The term managed monitoring services is generally used as shorthand for managed network monitoring services. This makes its purpose and benefits much more obvious. Managed monitoring services look specifically at the health of your network and alert you promptly to any issues with it.
For practical purposes, they sit somewhere between the traditional approach to managed hosting, which was all about the infrastructure, and full IT managed services, which are about everything except the infrastructure.
These days, the lines between managed hosting, managed network monitoring, and managed services are becoming increasingly blurry as the different vendors adapt their services to suit market demand. That said, here is a brief overview of the traditional model of managed monitoring services and where it sits in comparison to managed hosting and managed IT services.
A quick explanation of managed hosting
Managed hosting has traditionally been all about the infrastructure itself. A managed hosting partner will typically supply basic network infrastructure (e.g. servers with an operating system, storage, and the necessary network connections), plus power and internet, but their responsibility usually ends with making sure that everything up to and including the operating system is up and running, not necessarily up and running at its peak, just up and running.
A quick explanation of managed IT services
A managed IT service provider does not provide physical IT infrastructure, but they can manage anything else to do with your company’s IT systems. Whereas an IT managed host will typically see their responsibility as ending at the operating system level, an IT managed service provider can manage everything up to and including data and applications.
Many IT managed service providers can also take care of managed IT security, although this is increasingly treated as a specialist niche in its own right. In fact, it’s even developing its own sub-niches, such as managed endpoint security.
Managed monitoring services
It is fairly common for managed IT services to offer a basic level of network monitoring. Typically, however, these are limited to checking whether systems are up and running and providing an early warning in the event of a failure. While this is very useful, it is nowhere remotely close to providing the sort of benefits you can get from properly managed monitoring services.
Managed monitoring services proactively to maintain a network and hence prevent issues
In the early days of business networking, an outage was a nuisance. These days, a network outage, even a brief one, can be a major disruption with a significant impact on the business. As a result, for many companies, the biggest single benefit of managed monitoring services is simply the fact that they keep a network running continually and reliable, preventing issues from arising in the first place.
A managed monitoring service provider will state in its contract what level of network uptime it is prepared to guarantee.
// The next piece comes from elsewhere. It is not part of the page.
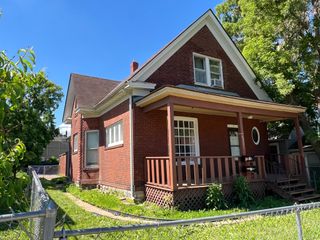 672 Case Avenue, Saint Paul, MN 55106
As yet, no managed service provider is likely to be in a position to guarantee 100% network uptime (and it’s very much an open question as to whether or not they ever will), but a reputable managed monitoring service provider should be able to go well into the high nineties.
Enhanced security
These days, network security is one of the hottest topics in IT and that is as it needs to be as it is a prerequisite for the protection of sensitive data in general and personal data in particular. For completeness, this would be a good moment to highlight that even if a company works in a B2B environment and hence does not capture personal information from its customers, it still has to protect the personal data of its employees.
Improved quality of service
Even the smallest of SMBs will generally have a wide variety of applications using the corporate network and in all probability, each of those applications will have at least slightly different needs and slightly different levels of priority.
In some cases, superficially similar applications can have different needs and priorities. For example, you may have an internal messaging system that also allows for voice calls, plus regular phones running through the corporate network. Essentially, these are the same functions, just used for different purposes, but in most organizations, the externally-facing (i.e. customer-facing) phones are going to have a higher priority than the internally-facing messenger program.
Managed monitoring services can identify bottlenecks and other jams and take remedial action. They can also provide insights into what action a client company needs to take to put a stop to recurring issues.